For those who choose to keep their windows shut, who draw their curtains tight and ignore June’s electricity, life can pursue its drab routines, but I have never been able to block out ‘the utter clearness of the imminent dawn’ and those first strains of birdsong, whatever time or season it is, nor to remain asleep in the light. My bedside window is flung wide all year round. I welcome all comers – rainstorm, wind, blizzard and searing frosts that slide in and grip the tumbler of water at my side, as well as the great, coal and blue tits, dunnocks and robins that venture in, all unsuspecting and unaware of human presence. I am regularly greeted by tiny, fluttering wings and their not-so-welcome offerings on the bed head above my face.

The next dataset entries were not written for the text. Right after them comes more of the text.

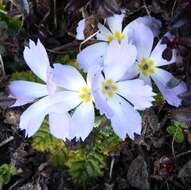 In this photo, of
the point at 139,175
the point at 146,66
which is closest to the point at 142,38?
the point at 146,66

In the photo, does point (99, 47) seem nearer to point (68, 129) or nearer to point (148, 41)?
point (148, 41)

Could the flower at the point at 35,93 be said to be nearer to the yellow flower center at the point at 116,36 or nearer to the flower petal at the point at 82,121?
the flower petal at the point at 82,121

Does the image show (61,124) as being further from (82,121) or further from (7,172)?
(7,172)

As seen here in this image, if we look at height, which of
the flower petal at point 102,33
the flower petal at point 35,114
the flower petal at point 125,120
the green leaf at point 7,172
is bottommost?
the green leaf at point 7,172

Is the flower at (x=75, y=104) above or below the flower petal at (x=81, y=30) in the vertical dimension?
below

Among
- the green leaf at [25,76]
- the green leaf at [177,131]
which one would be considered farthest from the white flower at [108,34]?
the green leaf at [177,131]

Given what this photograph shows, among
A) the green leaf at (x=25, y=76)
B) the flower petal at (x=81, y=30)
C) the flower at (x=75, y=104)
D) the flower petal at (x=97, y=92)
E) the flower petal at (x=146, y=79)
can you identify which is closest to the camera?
the flower petal at (x=97, y=92)

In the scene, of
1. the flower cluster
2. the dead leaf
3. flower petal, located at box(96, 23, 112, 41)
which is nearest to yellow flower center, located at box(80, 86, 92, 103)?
the flower cluster

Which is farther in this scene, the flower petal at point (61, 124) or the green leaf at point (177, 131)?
the green leaf at point (177, 131) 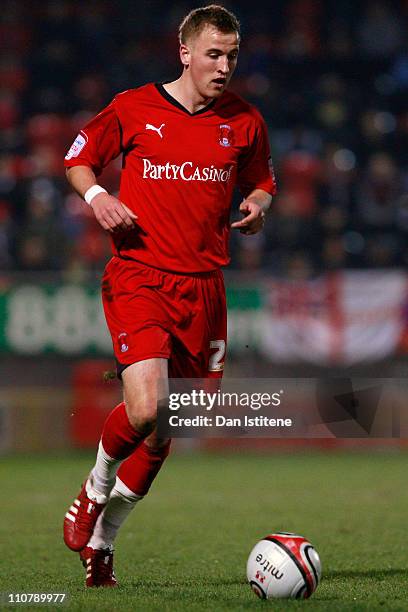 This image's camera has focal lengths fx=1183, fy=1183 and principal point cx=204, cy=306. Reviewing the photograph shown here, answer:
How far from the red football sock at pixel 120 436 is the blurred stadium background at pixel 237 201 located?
689cm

On the rare occasions I find myself in an airport hotel room, trapped in an air-conditioned, double-glazed box without any means of opening a window, I become a caged animal, stressed and despondent so that all I want to do is curl up and sleep. I have a real need to feel the night air on my face, to spiral skyward with the barometer and relish the flow of negative ions lifting me out of gloom. At home I love to raise an ear at the fox’s rough curse; I smile at the red deer hind’s deep-throated, tetchy cough echoing from the woods behind the house. I wake with the dawn. There is something magnetic about first light, a primal, perhaps genetic connection with our Cro-Magnon ancestors, who had to rise before the sun to hunt. If I stay in bed I feel guilty, somehow letting them down. So, if the weather is fair, I slip out and head off towards the loch. It is always fresh and exciting. At 3.30 a.m. the June air has a tang to it, like cologne; whether the sun is out or not, it is charged.